空からみた中山間地と地域のダウンサイジング。

私が住む広島は、空港が中国山地の中に設けられているということもあり、飛行機に乗って上空から日本列島を眺めると、様々な思いが頭の中を駆け巡る。田中角栄内閣で「国土の均衡ある発展」として『日本列島改造論』をぶち上げて以降、人の手が入っていない「未開の地」がないほど、開墾や植林、道路・ダム建設、集落の点在が見られる。

 

今、過疎化が進む中山間地も例外なく人の手が入り、まるで“自然に対してナイフで切りつけて”開墾されたような集落も見られる。この状況で人が住み続ける限り「土砂災害のリスク」は避けられないだろう。逆に言えば、人口が大幅に減り、耕作放棄地が増える中、このような山の中に人の暮らしがあることが、単なる豪雪や土砂崩れでも「被災者」を出してしまい、孤立する集落からの被害者の救出や、被災地の復興に多大な費用を負担しているのが現実だ。

 

自然が豊かな日本列島で、すべての山林や田畑、土地が人間のものという発想をそろそろやめて、太古の自然に戻すところと、人の生活を守ることが容易な場所を分けて、計画的に「ダウンサイジング(集約・縮小)」していく時代に差し掛かっているのではないだろうか。先祖代々の農地や墓を守っていきたいという個人の想いは尊重しても、このまま点在した集落を維持するためのインフラ整備や住民サービスが続けられるとは思えない。それは地上から感じるよりも上空から見れば一目瞭然だ。

 

コンパクトタウンが「守ろう」とするもの

 

地方創生が掲げられ、日本全国津々浦々まで景気の波が及ぶように政策が総動員されようとしている。平成の市町村大合併によって併合され、周辺部になってしまった町村も、町勢を維持するため合併特例債や交付金による公共事業を熱望し、中心市街地との格差是正を声高に叫んでいる。しかし人口減や高齢化、過疎と不動産価値の低減は進む一方だろう。

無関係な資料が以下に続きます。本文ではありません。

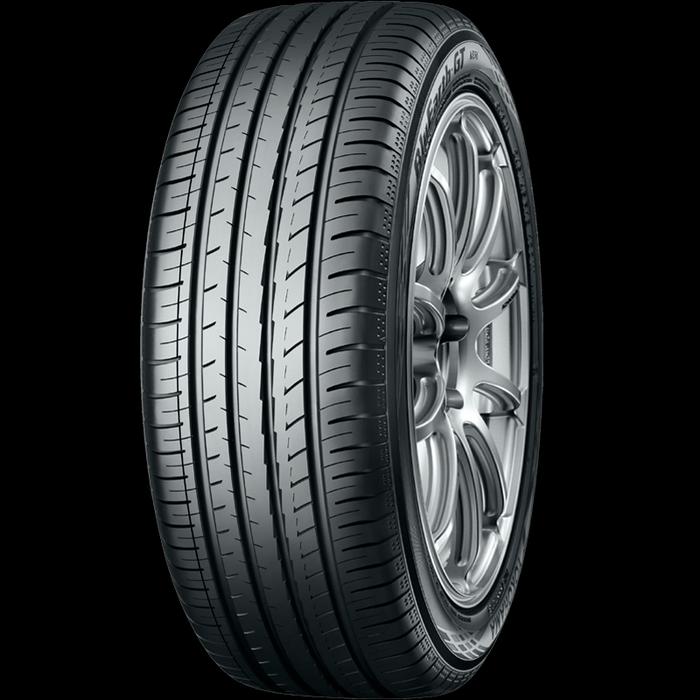 Ban Mobil Yokohama BluEarth Ae51 215/65 R16 215 65 16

だからこそ企業が「集中と選択」をするように、地方都市も「コンパクトな町」にダウンサイジングするしか生き残れない。密度の高い中心市街地や周辺部をつくることで地元の賑わいを取戻し、不動産の価値を少しでも高めること、そして効率よい住民サービスが求められている。

 

東日本大震災からの復興で、最初に仮設住宅から新しい住宅地に移転できたのは、宮城県岩沼市の玉浦地区だったという。行政主導でつくられた計画ではなく、住民主導で「自分たちの町の将来」を考えてもらうワークショップを何度も開催し、行政はそのサポートに徹した。時間を掛け住民のコンセンサスを大切にしたことで住民同士の連帯感が高まり、良好なコミュニティが再生されて、どこよりも早く集団移転が完了したようだ。住民自らが現実を踏まえて持続可能な将来を選んだからこそ、住民同士が感情的になることなく、未来に期待が持てる復興となっている。

 

だからコンパクトタウンも、紙の地図上で議論し行政主導の計画で移転を促すのではなく、実際の上空からの景色を映像で住民たちにみてもらい、本当にこの状況を全て将来にわたって維持可能なのか、本人たちに考えてもらうことからスタートしたほうがいい。お互いの損得から故郷に対する感情まで、情緒に流されて大論争・大反対が出たとしても、次第に現実に戻され、最終的には「何を守るべきか」を人々が考えるようになってくるだろう。

 

災害からの復興やコンパクトタウンは、紙の地図上の地名や施設ではなく“人の暮らしやコミュニティ”こそ最も守らなければならない大切なものだ。もちろん“地域の風景”も守っていきたい大切な宝ではあっても、コミュニティが維持されれば、また新しい風景もつくっていけるだろう。その風景づくりの担い手が、私たち住宅会社の役割だ。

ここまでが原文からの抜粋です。